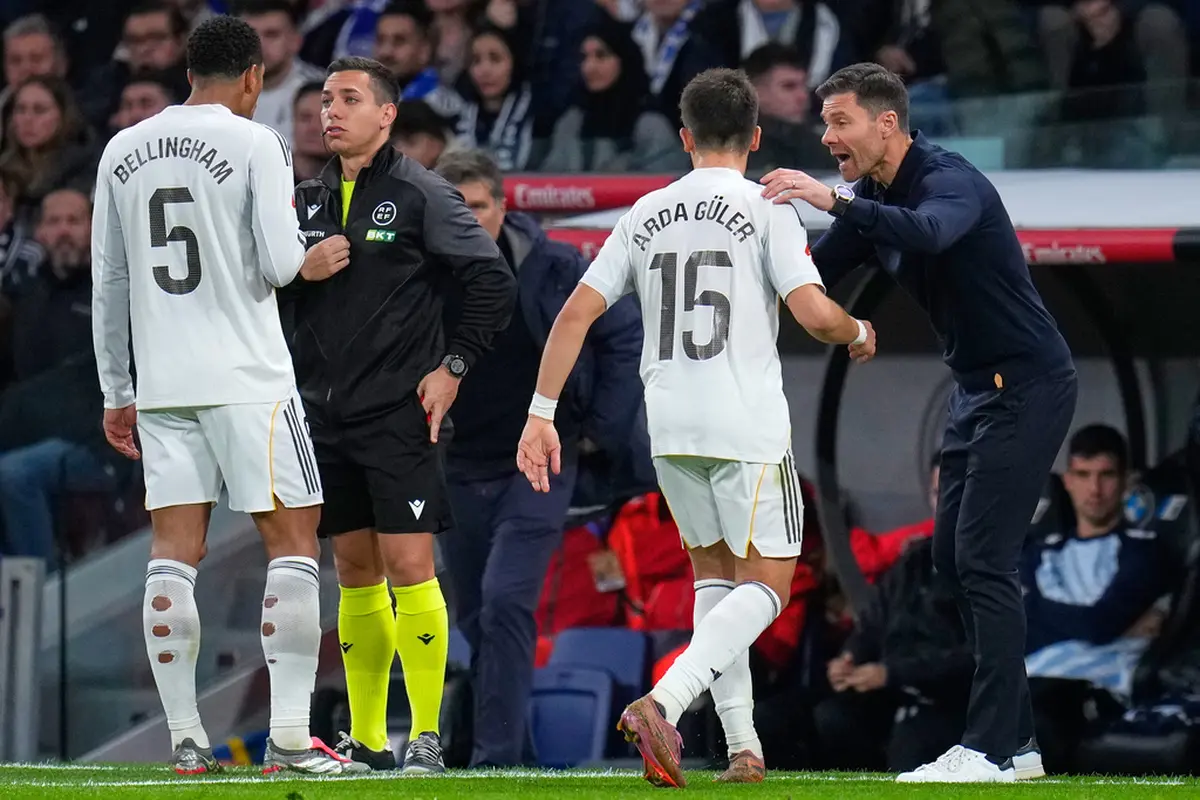 Pelatih Real Madrid, Xabi Alonso (kanan), memberikan instruksi pada Arda Guler di laga kontra Celta Vigo di pekan ke-15 La Liga 2025/2026 di Santiago Bernabeu, Senin (08/12/2025) dini hari WIB.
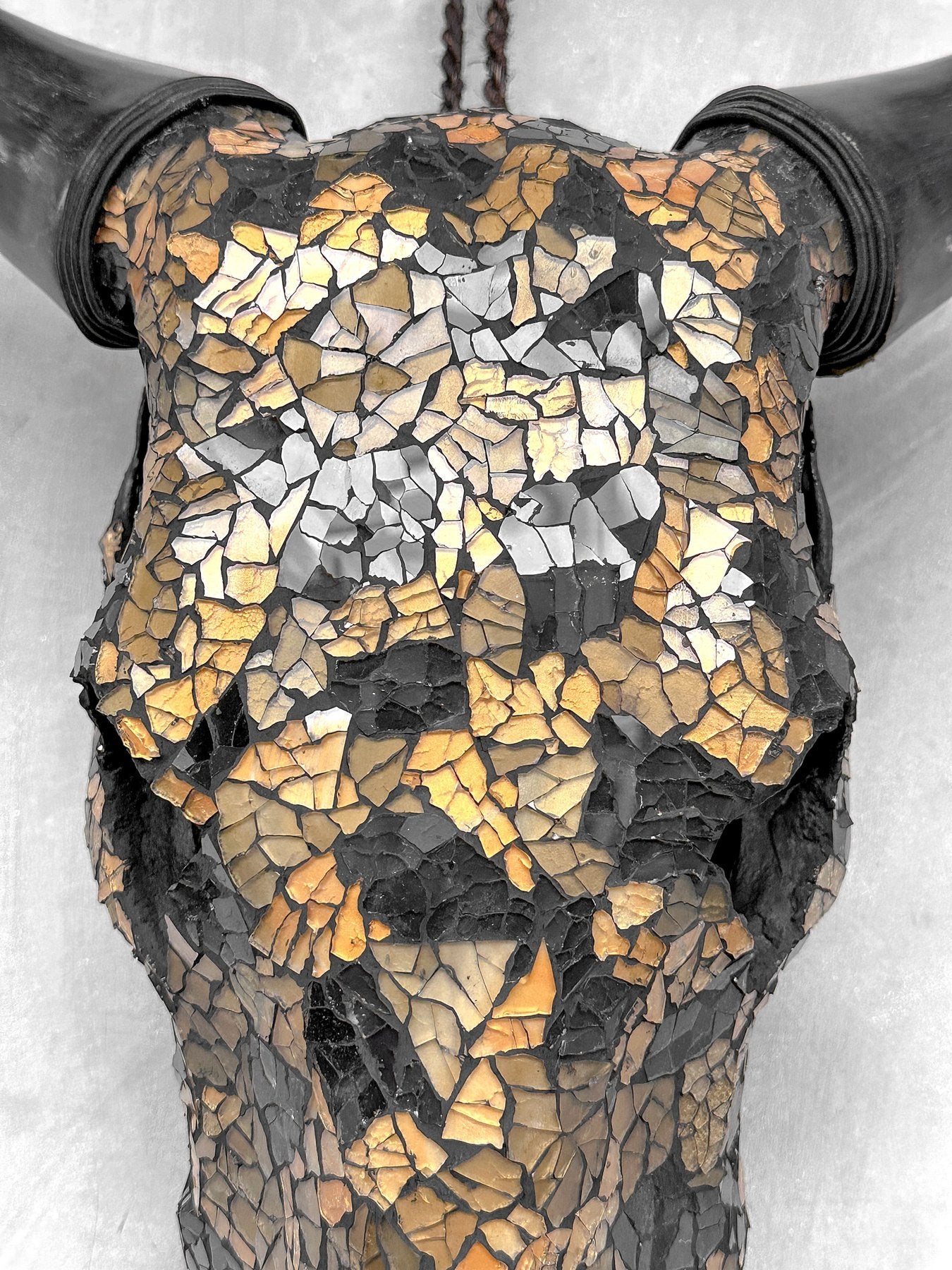 Black & Gold Glass Mosaic Cow Skull – Luxury Wall Art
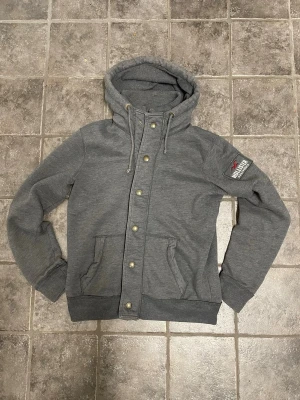 Hollister cardigan - Riktigt fet cardigan från Hollister. Väldigt bra skick. Modellen är 173, 64kg. Pris kan diskuteras!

* What is needed *
Word for word, give again the lines from the line holding "Black & Gold" through the last line of the material, both included; pictures are not part of the copy.

* Written response *
 Black & Gold Glass Mosaic Cow Skull – Luxury Wall Art
 Hollister cardigan - Riktigt fet cardigan från Hollister. Väldigt bra skick. Modellen är 173, 64kg. Pris kan diskuteras!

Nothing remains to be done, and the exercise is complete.